[Distutils] Changing the separator from - to ~ and allow all Unicode alphanumerics in package names...
Toshio Kuratomi
a.badger at gmail.com
Sat Nov 10 06:21:39 CET 2012
On Fri, Nov 09, 2012 at 09:38:54PM -0500, Daniel Holth wrote:
> Although I think the ~ is a very ugly -, it could be useful to change the
> separator to something less commonly used than the -.
>
> It would be useful to be able to use the hyphen - in the version of a package
> (for semver) and elsewhere. Using it as the separator could make parsing the
> file name a bit trickier than is healthy.
>
items 10 and 11 of semver are problematic. Other people who consume
versions, for instance Linux distributions, have a history of using dashes
as a separator. They have to deal with stripping hyphens out of versions
that make use them.
The fact that distutils/setuptools also treats hyphens as separators is
a good thing for these audiences.
[..]
>
> If we do this, I
> would like to allow Unicode package names at the same time. safe_name(), the
> pkg_resources function that escapes package names for file names, would become
>
> re.sub(u"[^\w.]+", "_", u"package-name", flags=re.U)
>
>
> In other words, the rule for package names would be that they can contain any
> Unicode alphanumeric or _ or dot. Right now package names cannot practically
> contain non-ASCII because the setuptools installation will fold it all to _ and
> installation metadata will collide on the disk.
>
I consider the limitation of package names to non-ascii to be a blessing in
disguise. In python3, unicode module names are possible but not portable
between systems. This is because the non-ascii module names inside of a python
file are abstract text but the representation on the filesystem is whatever
the user's locale is. The consensus on python-dev when this was brought up
seemed to be that using non-ascii in your local locale was important for
learning to use python. But distributing non-ascii modules to other people
was a bad idea. (If you have the attention span for long threads,
http://mail.python.org/pipermail/python-dev/2011-January/107467.html
Note that the threading was broken several times but the subject line stayed
the same.)
Description of the non-ascii module problem for people who want a summary:
I have a python3 program that has::
#!/usr/bin/python3 -tt
# -*- coding: utf-8 -*-
import café
café.do_something()
python3 reads this file in and represents café as an abstract text type
because I wrote it using utf-8 encoding and it can therefore decode the
file's contents to its internal representation. However it then has to find
the café module on disk. In my environment, I have LC_ALL=en_US.utf8.

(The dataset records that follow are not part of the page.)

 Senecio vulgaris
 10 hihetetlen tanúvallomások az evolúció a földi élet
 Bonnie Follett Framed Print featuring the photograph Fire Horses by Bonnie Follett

python3 finds the file café.py and uses that to satisfy the import.
However, I have a colleague that does work with me. He has access to my
program over a shared filesystem (or distributed to him via a git checkout
or copied via an sdist, etc). His locale uses latin-1 (ISO8859-1) as his
encoding (For instance, LC_ALL=en_US.ISO8859-1). When he runs my program,
python3 is still able to read the application file itself (due to the piece
of the file that specifies it's encoded in utf-8) but when it searches for
a file to satisfy café on the disk it runs into probelsm because the café.py
filename is not encoded using latin-1.
Other scenarios where the files are being shared were discussed in the
thread I mentioned but I won't go into all of them in this message...
hopefully you can generalize this example to how it will cause problems on
pypi, with pre-packaged modules on the system vs user's modules, etc.